I think Flickr gives you what you want. But you do have to pay.

------
kgwxd
HA! I've never seen the ISS before. Went out to the front of the house to
watch with my kid. Lo and behold, a light appears right where the site said it
would, following the trajectory. I start recording. Watching it, I start to
notice blinking colored lights and comment that I didn't think we'd be able to
see blinking lights. They start getting clearer (you already know where this
is going), I start to get suspicious and stop recording. It's moving pretty
fast so we follow it to the backyard at which point we're both pretty sure we
can hear it. I'm already positive what we just watched was a plane but, just
as it fades away, I look just a little higher up and see a much smaller white,
non-blikning dot moving almost just as fast. So we watched that. Instead of
losing it over the horizon of our fence, it sort of fades out of view in the
middle of the sky, which I've never witnessed, and was damn cool to see, but
exactly what I would expect to see watching a space station and not a plane :)

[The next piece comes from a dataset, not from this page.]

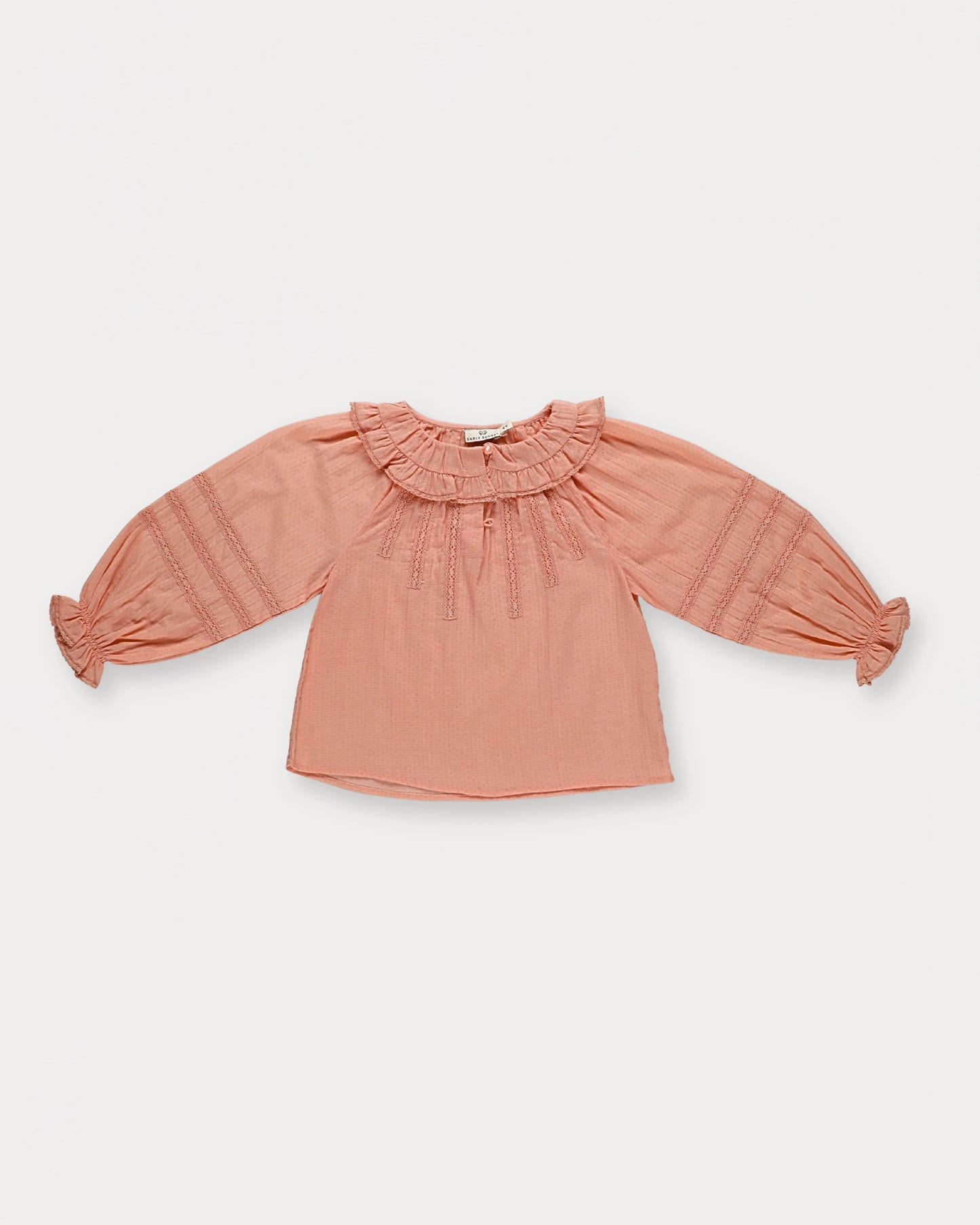 Early Sunday, Cécile Blouse in Blush, made from Cotton Swiss Dobby fabric, featuring a relaxed silhouette with gathered sleeves and delicate detailing, shown in a front flat-lay view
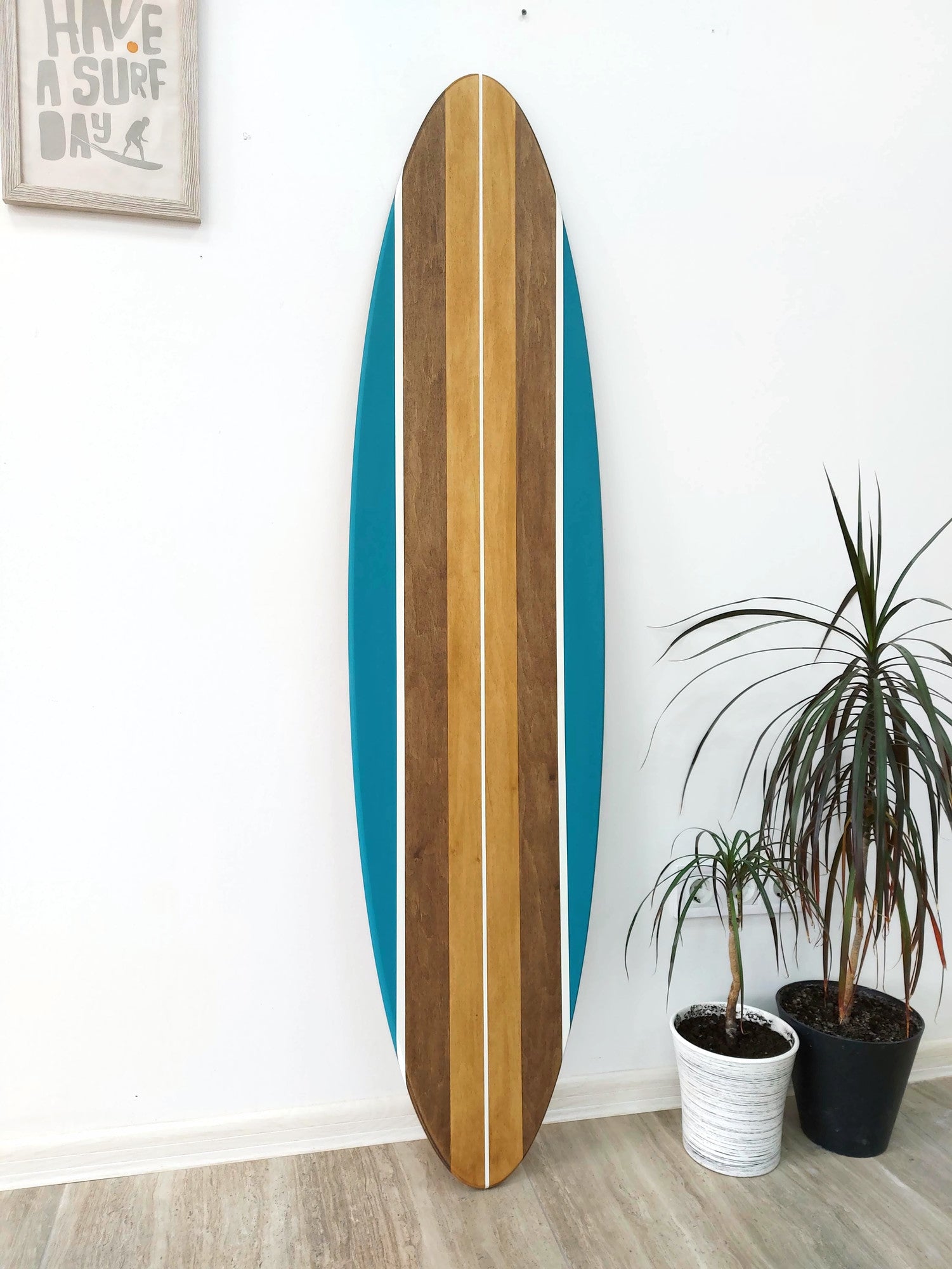 Wood surfboard wall décor hanging in coastal interior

Went back and watched the short video I did shoot and, even at low quality,
the ISS was visible right above the plane the entire time, we just didn't
notice. What are the chances a close, but not so close to be immediately
obvious (which happens a lot here), plane would be flying almost the same
trajectory as the ISS the first time I try to view it?

------
trothamel
At first I was going to wonder what the benefit of this above something like
www.heavens-above.com is, and then I went all the way through. The real
benefit is, I think, the use of a street view visualization to show where the
satellites are going to be in the sky.

I would suggest that it might make sense to emphasize that technology over the
globe-with-satellite view, as it's a much better trick to pull off.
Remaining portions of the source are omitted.